Brassicas need deep, firm, moisture retentive soil and like to be planted in a sunny site whether grown in raised beds or a well dug veg patch. We would recommend giving your brassicas up to 45cm between them as they can get quite big (which is how we like them isnt it!)

Growing tips

When you plant your brassicas, a really top tip is to put a 10cm diameter circle of old carpet or cardboard on the soil around the stem. This is known as a brassica collar and it will protect your brassicas from the dreaded cabbage root fly. Regular watering is very important during dry spells and you do not want your plants to dry out in general. Use a liquid nitrogen feed once they’ve started to produce new growth.

What to watch out for

Cabbage White Butterflies are a beautiful but terrible scourge of brassicas!
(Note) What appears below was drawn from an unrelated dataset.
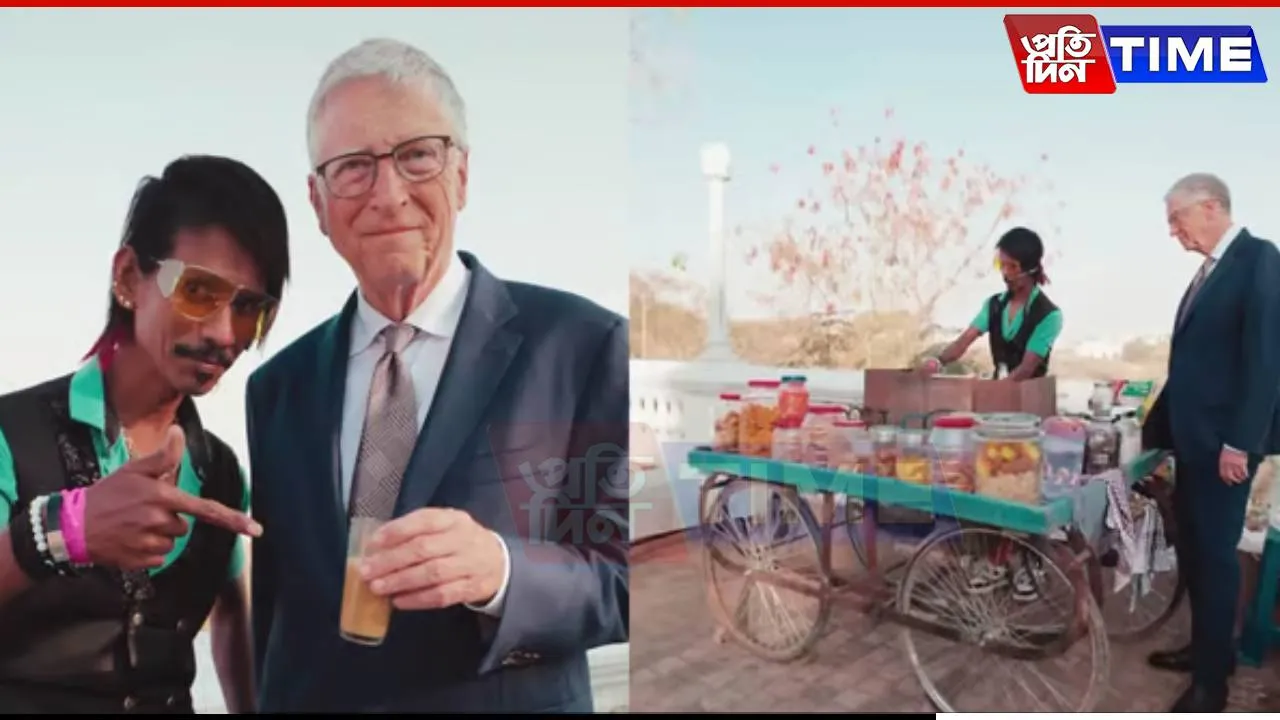 June: Bill Gates at Dolly Chai Wala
They lay eggs on the plants which soon become very very hungry caterpillars which will decimate your crop unbelievably quickly. If you see white butterflies flitting around then shoo them away or even better, make sure your brassicas are well netted. This will also deter pigeons which are another major problem for good brassica growth. Flea beetles attack swedes and turnips though radishes are the worst affected. Whitefly may cover brassicas and great clouds of them will fly up when the leaves are disturbed though they don’t do too much damage on the whole. Cabbage root fly and club root infection are major problems for brassicas and we recommend that you familiarise yourself with the symptoms and management procedures if you are growing these plants.